Red,
I'm going to start with an engineering answer, rather than an audiophile answer. Audiophiles tend to believe there is always one "best," and everything else must therefore be crap. Engineers know that there are always tradeoffs.
To summarize the speed tradeoffs: faster gives you lower noise and better transient response, or better HF response if you hear it that way. Slower gives you better LF response. There's also the obvious difference in tape cost, but let's stay focused on the performance differences.
To summarize the width tradeoffs: most things get better as you go wider, except that maintaining azimuth gets more challenging. This is not trivial. With wider tracks any edge damage waver becomes proportionally less compared to the signal. If there are minute dropouts they also are lower in proportion to the signal. The noise is reduced. And for some reason, which I can't explain from theory but I have observed, the head bumps become more manageable. However, unless your tape path is spot on you get azimuth wander, which leads to image wander. Ask Mike Spitz some time about all the work he had to do on tape guidance to get the ATR 1" to meet his (admittedly high) standards.
Here I will acknowledge that there are some, largely in the LA studio world, who prefer the sound of 1/4" over 1/2". Fine, everybody gets to like what they like.

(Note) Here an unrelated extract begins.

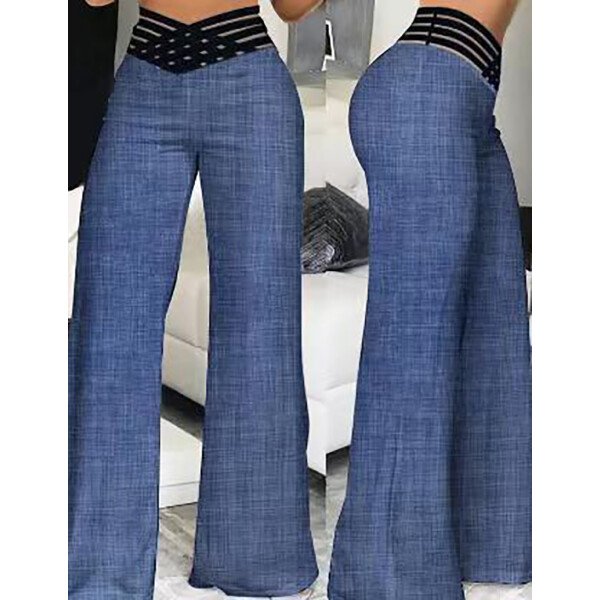 Pantalones acampanados para mujer, pantalones elegantes informales de oficina para mujer, pantalones de cintura alta para primavera y verano, pantalón de pierna ancha con parche de malla transparente entrecruzado liso - Image 3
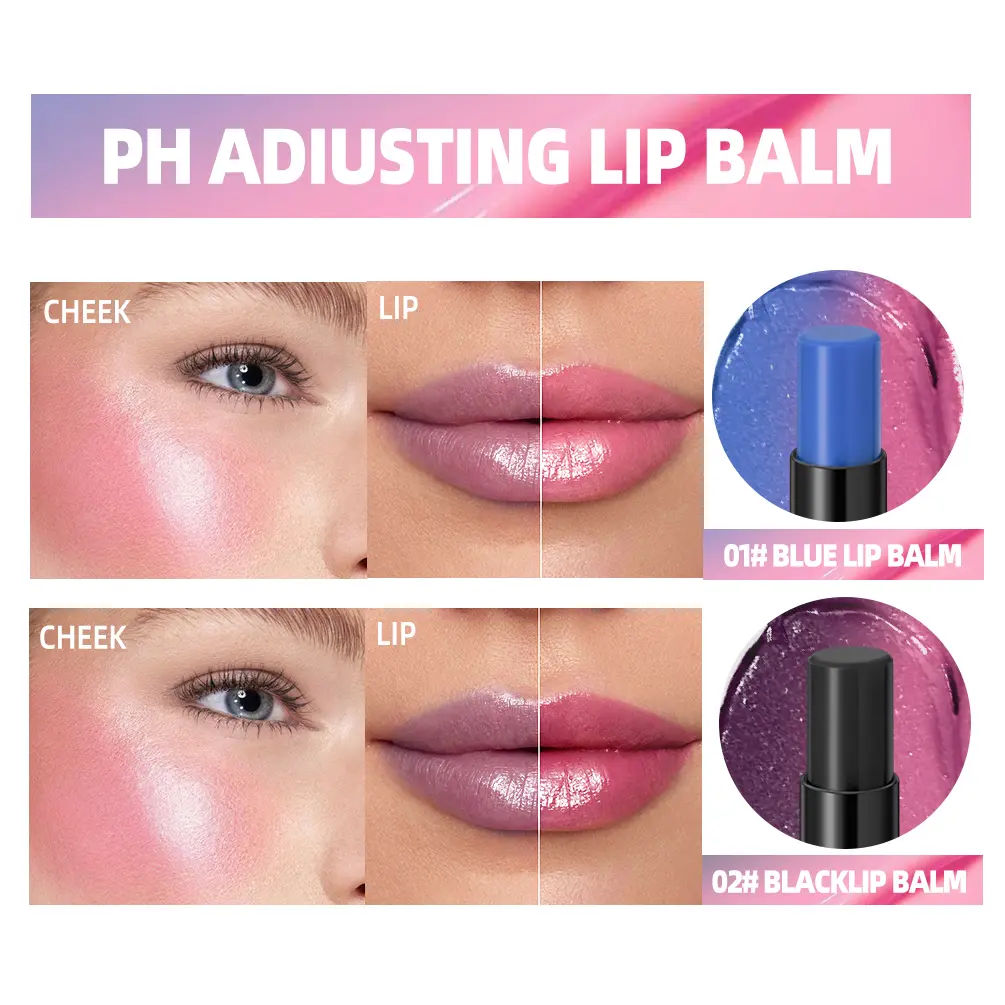 Blue To Pink Temperature Changing Lipstick Colored Lip Balm Moisturizing Lip Tint Long Lasting Waterproof Change Color Lipstick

But since most of these guys aren't even mixing to analog any more, rather they are just mixing back into their Protools rigs like everybody else, I wonder if there might not be some retro nostalgia involved.
OK, now to summarize how I hear it: 7-1/2 IPS just sounds soggy to me, the reduced HF and transient information loss is more than I'm willing to put up with. Although I hear the HF extension and transient snap of 30 IPS, I also hear the lack of weight. With the right combination of transport, heads and electronics the HF and transients of 15 IPS are just fine. I think 15 IPS is the sweet spot. Not only have we chosen it for the Tape Project--both for our release tapes and for our running masters--it's what I choose for all my work. And what I bring home. Maybe you've never thought about this, but obviously I could make myself 30 IPS copies of the TP masters if I wanted, as well as other projects I work on, but I choose 15.
As far as width goes, I'm an unabashed fan of wider. I just hear more solidity, more depth, more "there" there. Except that when listening to 1" tape, it's only a matter of seconds before I quit listening to the details of sound quality and just get lost in the music. My shoulders relax, my eyes close, and I'm somewhere else.